With any pictures left out, restate word for word the lines in the listing below from the one holding "A dramatic sky" through the last.

**Supplied data**
# # # # #
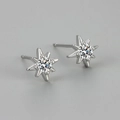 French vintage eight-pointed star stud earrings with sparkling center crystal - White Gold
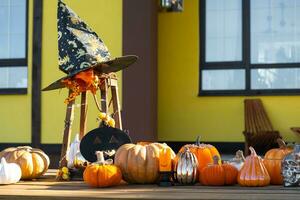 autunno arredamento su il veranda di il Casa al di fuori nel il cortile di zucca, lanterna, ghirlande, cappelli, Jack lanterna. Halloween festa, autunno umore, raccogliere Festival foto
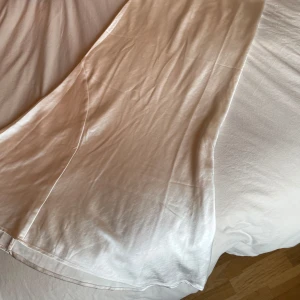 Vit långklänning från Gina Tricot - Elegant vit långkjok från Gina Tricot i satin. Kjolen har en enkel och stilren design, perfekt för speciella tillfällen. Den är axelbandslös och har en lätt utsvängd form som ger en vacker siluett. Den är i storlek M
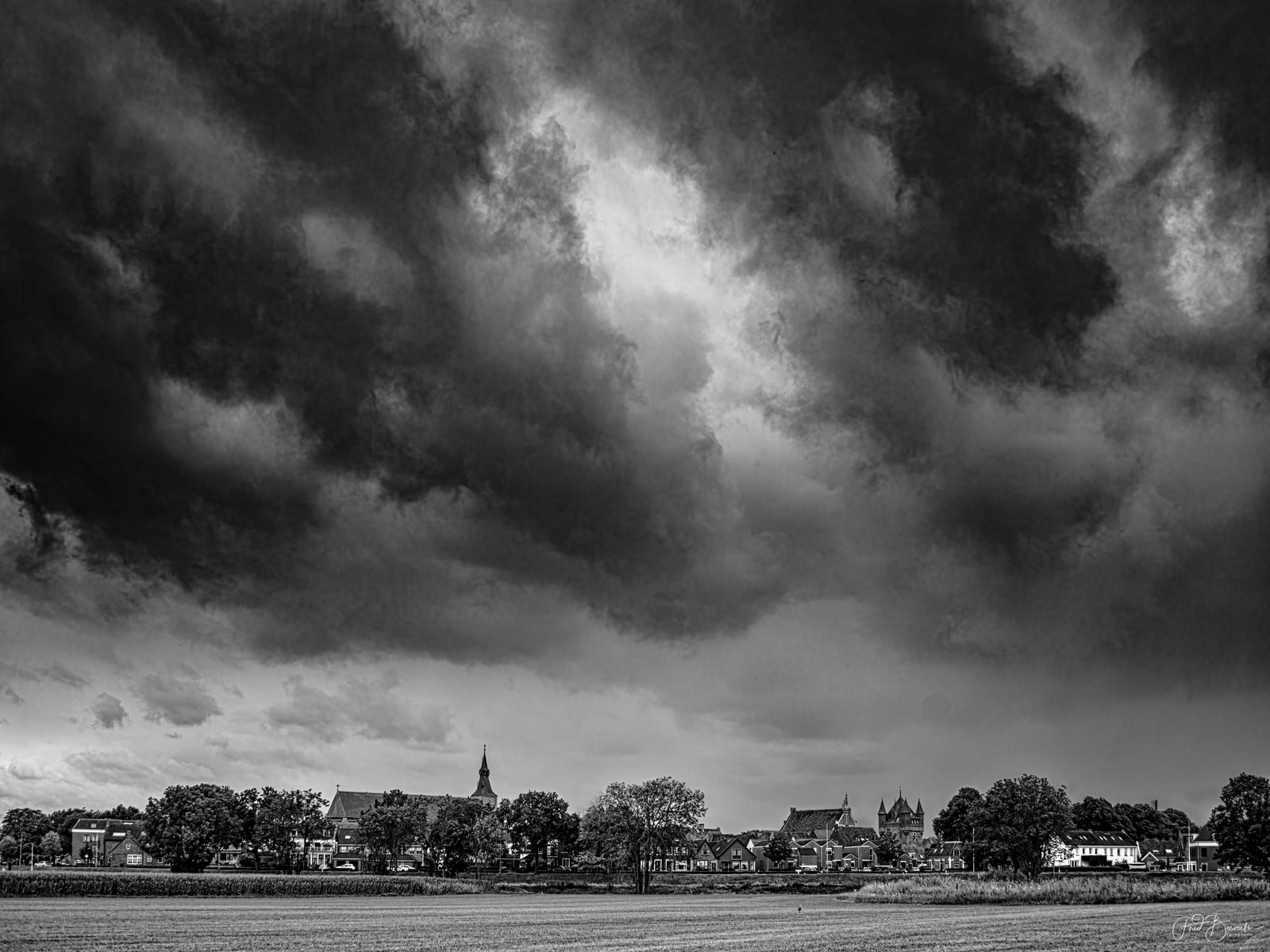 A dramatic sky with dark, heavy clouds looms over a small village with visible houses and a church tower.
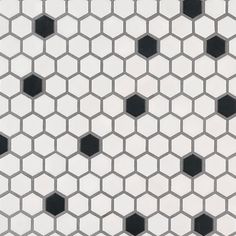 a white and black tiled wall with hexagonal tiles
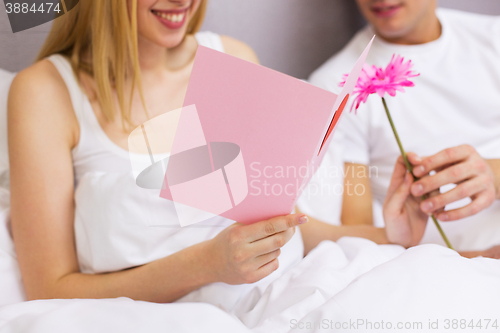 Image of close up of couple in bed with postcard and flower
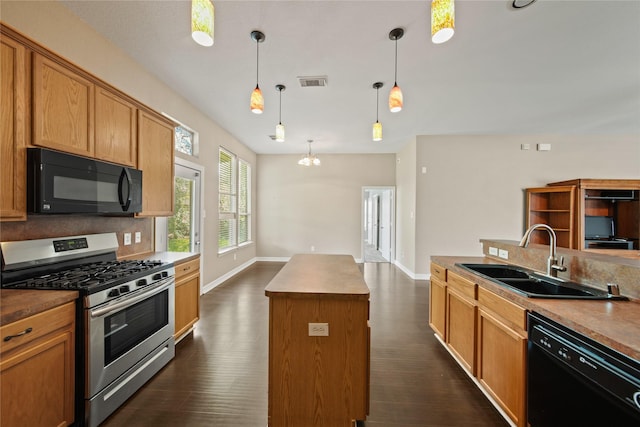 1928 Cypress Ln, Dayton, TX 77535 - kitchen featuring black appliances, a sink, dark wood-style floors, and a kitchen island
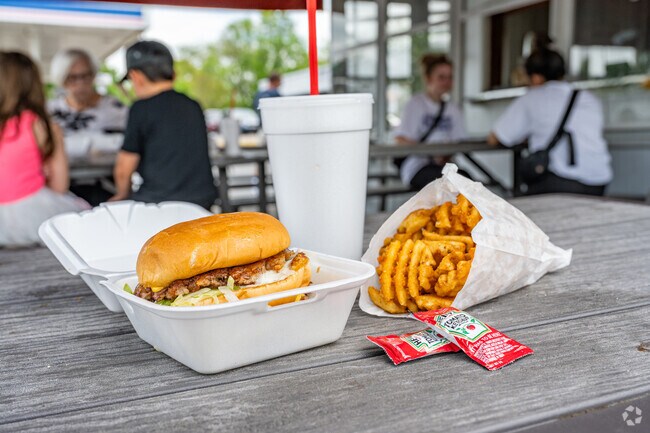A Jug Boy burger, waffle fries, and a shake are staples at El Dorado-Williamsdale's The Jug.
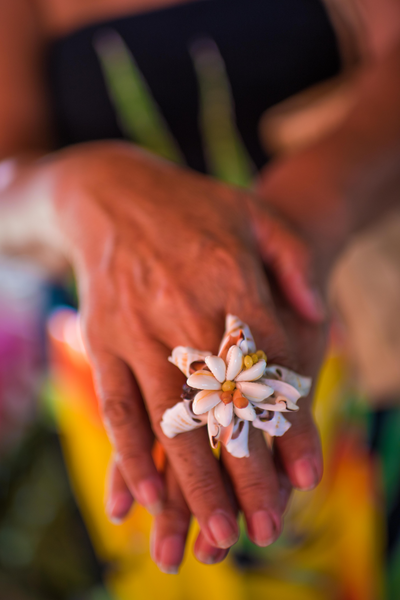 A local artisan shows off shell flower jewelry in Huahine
# # # # #
**Expected answer**
 A dramatic sky with dark, heavy clouds looms over a small village with visible houses and a church tower.
 a white and black tiled wall with hexagonal tiles
 Image of close up of couple in bed with postcard and flower
 1928 Cypress Ln, Dayton, TX 77535 - kitchen featuring black appliances, a sink, dark wood-style floors, and a kitchen island
A Jug Boy burger, waffle fries, and a shake are staples at El Dorado-Williamsdale's The Jug.
 A local artisan shows off shell flower jewelry in Huahine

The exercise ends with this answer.